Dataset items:
+++++

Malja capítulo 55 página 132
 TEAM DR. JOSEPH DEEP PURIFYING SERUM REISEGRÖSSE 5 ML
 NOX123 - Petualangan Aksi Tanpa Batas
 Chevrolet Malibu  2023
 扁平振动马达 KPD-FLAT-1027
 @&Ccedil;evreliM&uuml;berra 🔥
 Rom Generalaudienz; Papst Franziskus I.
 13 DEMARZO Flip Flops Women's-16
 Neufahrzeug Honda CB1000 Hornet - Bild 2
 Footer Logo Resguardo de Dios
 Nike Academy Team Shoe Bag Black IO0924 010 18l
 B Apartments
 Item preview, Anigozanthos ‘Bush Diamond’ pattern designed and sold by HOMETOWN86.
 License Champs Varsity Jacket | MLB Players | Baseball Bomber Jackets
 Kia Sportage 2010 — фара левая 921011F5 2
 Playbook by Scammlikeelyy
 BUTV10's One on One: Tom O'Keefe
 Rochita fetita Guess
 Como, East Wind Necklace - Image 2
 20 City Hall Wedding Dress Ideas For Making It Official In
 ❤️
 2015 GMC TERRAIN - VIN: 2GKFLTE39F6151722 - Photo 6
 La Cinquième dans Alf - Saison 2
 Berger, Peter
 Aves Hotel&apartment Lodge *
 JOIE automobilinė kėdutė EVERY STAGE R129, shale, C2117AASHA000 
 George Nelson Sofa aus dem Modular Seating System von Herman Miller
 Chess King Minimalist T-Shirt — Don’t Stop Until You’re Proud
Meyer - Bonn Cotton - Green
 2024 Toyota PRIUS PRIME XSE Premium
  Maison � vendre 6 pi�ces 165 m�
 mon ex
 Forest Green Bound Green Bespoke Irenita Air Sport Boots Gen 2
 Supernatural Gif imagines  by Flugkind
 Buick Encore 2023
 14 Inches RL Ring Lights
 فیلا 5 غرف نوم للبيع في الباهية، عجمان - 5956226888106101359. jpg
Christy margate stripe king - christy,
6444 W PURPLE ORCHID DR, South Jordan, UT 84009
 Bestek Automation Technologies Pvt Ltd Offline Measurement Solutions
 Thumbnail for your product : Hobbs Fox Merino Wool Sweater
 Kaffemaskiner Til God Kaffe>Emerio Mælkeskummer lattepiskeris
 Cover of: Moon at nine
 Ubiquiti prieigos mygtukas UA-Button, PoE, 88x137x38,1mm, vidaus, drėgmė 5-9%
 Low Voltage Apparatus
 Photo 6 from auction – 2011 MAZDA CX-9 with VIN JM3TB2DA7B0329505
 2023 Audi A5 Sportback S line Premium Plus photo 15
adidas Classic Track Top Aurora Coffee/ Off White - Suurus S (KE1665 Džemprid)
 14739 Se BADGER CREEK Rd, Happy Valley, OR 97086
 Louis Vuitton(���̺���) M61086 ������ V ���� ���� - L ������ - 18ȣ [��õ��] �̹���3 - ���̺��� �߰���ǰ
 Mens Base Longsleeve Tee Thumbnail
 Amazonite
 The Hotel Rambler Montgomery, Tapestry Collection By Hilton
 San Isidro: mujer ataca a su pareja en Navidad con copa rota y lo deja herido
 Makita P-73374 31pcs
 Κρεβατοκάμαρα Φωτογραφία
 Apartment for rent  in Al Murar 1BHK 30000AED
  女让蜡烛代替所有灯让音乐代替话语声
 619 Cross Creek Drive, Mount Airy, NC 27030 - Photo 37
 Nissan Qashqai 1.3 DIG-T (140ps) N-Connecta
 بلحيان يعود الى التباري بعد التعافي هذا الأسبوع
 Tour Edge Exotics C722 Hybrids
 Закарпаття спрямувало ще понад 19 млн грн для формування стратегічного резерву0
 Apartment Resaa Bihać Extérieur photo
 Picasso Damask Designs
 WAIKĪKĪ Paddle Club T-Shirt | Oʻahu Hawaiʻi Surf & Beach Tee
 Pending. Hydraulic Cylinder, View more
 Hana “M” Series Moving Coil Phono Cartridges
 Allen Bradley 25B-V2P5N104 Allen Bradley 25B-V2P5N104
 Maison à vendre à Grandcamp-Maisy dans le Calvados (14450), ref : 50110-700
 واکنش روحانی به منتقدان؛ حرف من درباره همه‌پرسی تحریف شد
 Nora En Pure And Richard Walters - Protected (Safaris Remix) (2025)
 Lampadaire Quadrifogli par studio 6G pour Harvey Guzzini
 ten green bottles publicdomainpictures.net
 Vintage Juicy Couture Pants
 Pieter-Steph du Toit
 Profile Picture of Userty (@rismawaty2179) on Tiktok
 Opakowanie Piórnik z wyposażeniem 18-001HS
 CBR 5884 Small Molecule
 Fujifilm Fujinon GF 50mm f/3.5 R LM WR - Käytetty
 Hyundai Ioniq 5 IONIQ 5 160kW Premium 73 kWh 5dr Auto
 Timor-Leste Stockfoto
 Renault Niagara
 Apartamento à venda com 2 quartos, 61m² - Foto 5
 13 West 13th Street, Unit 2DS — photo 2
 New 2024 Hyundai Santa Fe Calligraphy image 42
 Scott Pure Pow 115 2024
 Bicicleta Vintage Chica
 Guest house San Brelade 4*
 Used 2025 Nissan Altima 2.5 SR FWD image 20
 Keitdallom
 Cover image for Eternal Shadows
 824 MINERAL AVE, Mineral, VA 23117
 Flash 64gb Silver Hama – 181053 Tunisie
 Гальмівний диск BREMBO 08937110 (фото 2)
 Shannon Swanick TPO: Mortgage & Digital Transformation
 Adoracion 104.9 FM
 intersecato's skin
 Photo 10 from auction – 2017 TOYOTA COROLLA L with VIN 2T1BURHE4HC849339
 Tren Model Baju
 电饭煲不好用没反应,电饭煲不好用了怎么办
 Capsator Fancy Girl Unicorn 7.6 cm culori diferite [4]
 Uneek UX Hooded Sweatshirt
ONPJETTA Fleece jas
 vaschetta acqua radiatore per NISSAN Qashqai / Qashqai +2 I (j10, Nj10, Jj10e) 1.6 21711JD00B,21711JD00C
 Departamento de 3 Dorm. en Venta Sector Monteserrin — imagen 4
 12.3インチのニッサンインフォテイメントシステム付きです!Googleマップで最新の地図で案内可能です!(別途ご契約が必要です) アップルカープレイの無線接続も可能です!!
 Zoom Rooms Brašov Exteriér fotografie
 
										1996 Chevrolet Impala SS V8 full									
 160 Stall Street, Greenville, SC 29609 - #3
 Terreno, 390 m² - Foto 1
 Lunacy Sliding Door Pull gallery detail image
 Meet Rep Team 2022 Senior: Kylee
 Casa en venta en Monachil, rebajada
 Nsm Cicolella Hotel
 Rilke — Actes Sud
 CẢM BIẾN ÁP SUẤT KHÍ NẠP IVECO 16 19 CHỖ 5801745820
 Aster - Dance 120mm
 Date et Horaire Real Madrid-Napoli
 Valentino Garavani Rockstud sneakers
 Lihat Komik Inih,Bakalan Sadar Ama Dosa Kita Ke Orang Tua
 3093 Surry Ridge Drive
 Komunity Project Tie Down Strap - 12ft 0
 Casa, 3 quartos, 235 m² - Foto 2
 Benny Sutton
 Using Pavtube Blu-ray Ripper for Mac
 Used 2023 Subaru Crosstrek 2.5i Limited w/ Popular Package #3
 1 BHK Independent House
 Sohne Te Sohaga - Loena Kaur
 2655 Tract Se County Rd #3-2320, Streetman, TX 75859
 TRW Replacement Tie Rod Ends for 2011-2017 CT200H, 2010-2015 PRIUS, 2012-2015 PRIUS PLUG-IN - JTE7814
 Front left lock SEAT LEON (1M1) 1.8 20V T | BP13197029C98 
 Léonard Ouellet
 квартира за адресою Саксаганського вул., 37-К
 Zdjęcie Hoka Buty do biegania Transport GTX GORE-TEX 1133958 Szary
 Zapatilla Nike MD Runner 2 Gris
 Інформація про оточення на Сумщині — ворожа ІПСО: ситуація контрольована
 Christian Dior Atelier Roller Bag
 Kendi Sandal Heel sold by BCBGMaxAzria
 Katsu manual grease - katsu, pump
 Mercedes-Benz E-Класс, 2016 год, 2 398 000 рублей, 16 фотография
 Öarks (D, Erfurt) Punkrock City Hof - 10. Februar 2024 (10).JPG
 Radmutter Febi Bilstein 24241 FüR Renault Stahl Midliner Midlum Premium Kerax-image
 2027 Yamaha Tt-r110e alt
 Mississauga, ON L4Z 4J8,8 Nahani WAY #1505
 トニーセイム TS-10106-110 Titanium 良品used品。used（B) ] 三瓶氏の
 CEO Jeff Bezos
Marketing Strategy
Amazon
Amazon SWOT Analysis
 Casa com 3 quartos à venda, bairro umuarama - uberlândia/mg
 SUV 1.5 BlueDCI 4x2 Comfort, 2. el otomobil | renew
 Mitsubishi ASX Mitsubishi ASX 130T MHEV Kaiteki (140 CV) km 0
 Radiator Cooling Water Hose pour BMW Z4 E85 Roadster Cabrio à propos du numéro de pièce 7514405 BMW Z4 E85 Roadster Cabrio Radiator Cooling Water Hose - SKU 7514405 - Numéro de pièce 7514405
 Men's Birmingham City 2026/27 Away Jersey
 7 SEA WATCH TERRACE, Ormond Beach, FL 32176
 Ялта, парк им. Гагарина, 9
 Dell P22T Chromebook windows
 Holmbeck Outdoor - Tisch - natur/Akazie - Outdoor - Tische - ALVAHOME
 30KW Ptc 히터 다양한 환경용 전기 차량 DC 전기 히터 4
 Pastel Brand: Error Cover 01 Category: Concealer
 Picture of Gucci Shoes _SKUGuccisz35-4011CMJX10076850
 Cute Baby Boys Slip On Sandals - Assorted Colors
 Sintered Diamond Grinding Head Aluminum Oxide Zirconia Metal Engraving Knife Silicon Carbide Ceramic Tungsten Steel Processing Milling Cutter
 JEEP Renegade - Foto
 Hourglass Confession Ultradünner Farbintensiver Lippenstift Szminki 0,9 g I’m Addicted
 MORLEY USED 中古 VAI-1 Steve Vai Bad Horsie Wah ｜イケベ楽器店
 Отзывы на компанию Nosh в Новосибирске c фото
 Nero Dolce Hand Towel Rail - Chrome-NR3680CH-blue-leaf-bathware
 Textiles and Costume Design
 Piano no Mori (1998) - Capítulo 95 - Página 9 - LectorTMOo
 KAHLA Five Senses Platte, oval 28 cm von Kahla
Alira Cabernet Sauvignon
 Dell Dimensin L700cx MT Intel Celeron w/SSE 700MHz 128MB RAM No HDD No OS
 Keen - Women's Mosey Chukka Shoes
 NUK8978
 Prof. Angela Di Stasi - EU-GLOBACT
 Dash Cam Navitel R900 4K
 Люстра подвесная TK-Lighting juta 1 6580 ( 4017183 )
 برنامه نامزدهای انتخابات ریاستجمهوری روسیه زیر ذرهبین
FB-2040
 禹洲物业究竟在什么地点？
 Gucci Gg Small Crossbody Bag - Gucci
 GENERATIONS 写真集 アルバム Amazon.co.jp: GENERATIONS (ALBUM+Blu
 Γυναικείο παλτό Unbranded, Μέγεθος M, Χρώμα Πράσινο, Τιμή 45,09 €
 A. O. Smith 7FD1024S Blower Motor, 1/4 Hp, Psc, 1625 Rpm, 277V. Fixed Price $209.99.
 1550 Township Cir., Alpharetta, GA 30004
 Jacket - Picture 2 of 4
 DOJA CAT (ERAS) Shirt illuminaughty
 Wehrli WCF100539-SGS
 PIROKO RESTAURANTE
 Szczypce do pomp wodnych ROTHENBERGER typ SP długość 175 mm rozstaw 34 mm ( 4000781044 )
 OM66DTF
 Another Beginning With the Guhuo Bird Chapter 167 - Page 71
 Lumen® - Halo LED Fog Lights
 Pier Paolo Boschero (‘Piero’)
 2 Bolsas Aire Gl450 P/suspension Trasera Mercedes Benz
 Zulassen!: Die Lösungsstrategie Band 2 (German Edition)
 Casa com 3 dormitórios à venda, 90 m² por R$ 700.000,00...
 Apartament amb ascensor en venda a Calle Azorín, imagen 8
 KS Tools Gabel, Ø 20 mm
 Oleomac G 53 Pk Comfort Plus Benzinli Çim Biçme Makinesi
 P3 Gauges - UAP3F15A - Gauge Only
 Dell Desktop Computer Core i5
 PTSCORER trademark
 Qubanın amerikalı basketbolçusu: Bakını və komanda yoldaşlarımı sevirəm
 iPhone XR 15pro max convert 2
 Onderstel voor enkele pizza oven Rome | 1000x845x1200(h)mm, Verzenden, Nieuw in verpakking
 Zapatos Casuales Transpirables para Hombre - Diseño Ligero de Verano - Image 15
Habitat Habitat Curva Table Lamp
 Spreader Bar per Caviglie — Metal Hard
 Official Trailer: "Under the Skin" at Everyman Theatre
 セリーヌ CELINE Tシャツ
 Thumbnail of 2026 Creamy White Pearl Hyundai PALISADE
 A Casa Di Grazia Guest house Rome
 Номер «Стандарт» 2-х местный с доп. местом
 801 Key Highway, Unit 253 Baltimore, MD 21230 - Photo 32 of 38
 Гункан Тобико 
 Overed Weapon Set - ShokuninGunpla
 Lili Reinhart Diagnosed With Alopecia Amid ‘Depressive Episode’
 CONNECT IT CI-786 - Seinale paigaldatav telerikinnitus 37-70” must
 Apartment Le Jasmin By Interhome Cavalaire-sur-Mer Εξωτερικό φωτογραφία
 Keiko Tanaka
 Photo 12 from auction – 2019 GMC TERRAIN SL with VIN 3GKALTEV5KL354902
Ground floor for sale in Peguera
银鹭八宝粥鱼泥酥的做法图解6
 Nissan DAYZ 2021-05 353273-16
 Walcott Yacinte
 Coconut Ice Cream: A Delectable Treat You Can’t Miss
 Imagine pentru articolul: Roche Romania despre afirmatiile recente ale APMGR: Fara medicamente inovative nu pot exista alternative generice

+++++

About this task:
Retype, exactly and in full, the lines above from the one containing "Using Pavtube Blu-ray Ripper for Mac" through the one containing "Radiator Cooling Water Hose pour".

Answer to this exercise:
 Using Pavtube Blu-ray Ripper for Mac
 Used 2023 Subaru Crosstrek 2.5i Limited w/ Popular Package #3
 1 BHK Independent House
 Sohne Te Sohaga - Loena Kaur
 2655 Tract Se County Rd #3-2320, Streetman, TX 75859
 TRW Replacement Tie Rod Ends for 2011-2017 CT200H, 2010-2015 PRIUS, 2012-2015 PRIUS PLUG-IN - JTE7814
 Front left lock SEAT LEON (1M1) 1.8 20V T | BP13197029C98 
 Léonard Ouellet
 квартира за адресою Саксаганського вул., 37-К
 Zdjęcie Hoka Buty do biegania Transport GTX GORE-TEX 1133958 Szary
 Zapatilla Nike MD Runner 2 Gris
 Інформація про оточення на Сумщині — ворожа ІПСО: ситуація контрольована
 Christian Dior Atelier Roller Bag
 Kendi Sandal Heel sold by BCBGMaxAzria
 Katsu manual grease - katsu, pump
 Mercedes-Benz E-Класс, 2016 год, 2 398 000 рублей, 16 фотография
 Öarks (D, Erfurt) Punkrock City Hof - 10. Februar 2024 (10).JPG
 Radmutter Febi Bilstein 24241 FüR Renault Stahl Midliner Midlum Premium Kerax-image
 2027 Yamaha Tt-r110e alt
 Mississauga, ON L4Z 4J8,8 Nahani WAY #1505
 トニーセイム TS-10106-110 Titanium 良品used品。used（B) ] 三瓶氏の
 CEO Jeff Bezos
Marketing Strategy
Amazon
Amazon SWOT Analysis
 Casa com 3 quartos à venda, bairro umuarama - uberlândia/mg
 SUV 1.5 BlueDCI 4x2 Comfort, 2. el otomobil | renew
 Mitsubishi ASX Mitsubishi ASX 130T MHEV Kaiteki (140 CV) km 0
 Radiator Cooling Water Hose pour BMW Z4 E85 Roadster Cabrio à propos du numéro de pièce 7514405 BMW Z4 E85 Roadster Cabrio Radiator Cooling Water Hose - SKU 7514405 - Numéro de pièce 7514405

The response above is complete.